I think we should use the name Euclidean NMDS for the kind of NMDS we have in 
vegan, because its ordination space is strictly Euclidean. There is nothing 
non-metric in the ordination space. What is non-metric is the transformation of 
observed dissimilarities to optimize the fit to the Euclidean ordination space. 
The central term in the squared stress function is

SUM (theta(d) - delta)^2

where delta are the Euclidean distances among points in the ordination, d are 
the observed community dissimilarities among sampling units, and theta() is a 
non-metric monotone function to transform d.
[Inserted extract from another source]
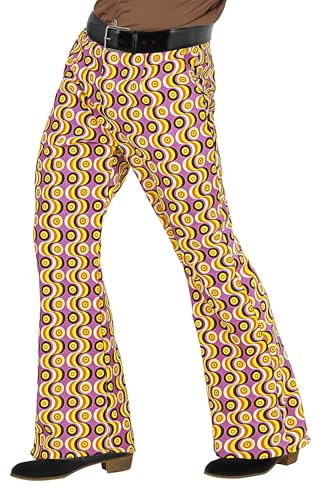 Widmann 70s Style Trousers Discs Costume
Sum of squared differences is -- 
by definition -- squared Euclidean distance, and hence our kind of NMDS is 
Euclidean. 

The isolated axes are not meaningful *because* the space is Euclidean. 
Euclidean space is invariant under rotation: you can rotate axes and distances 
among points does not change, and you can rotate the axes and the configuration 
of points does not change. Any direction of axes is just as good.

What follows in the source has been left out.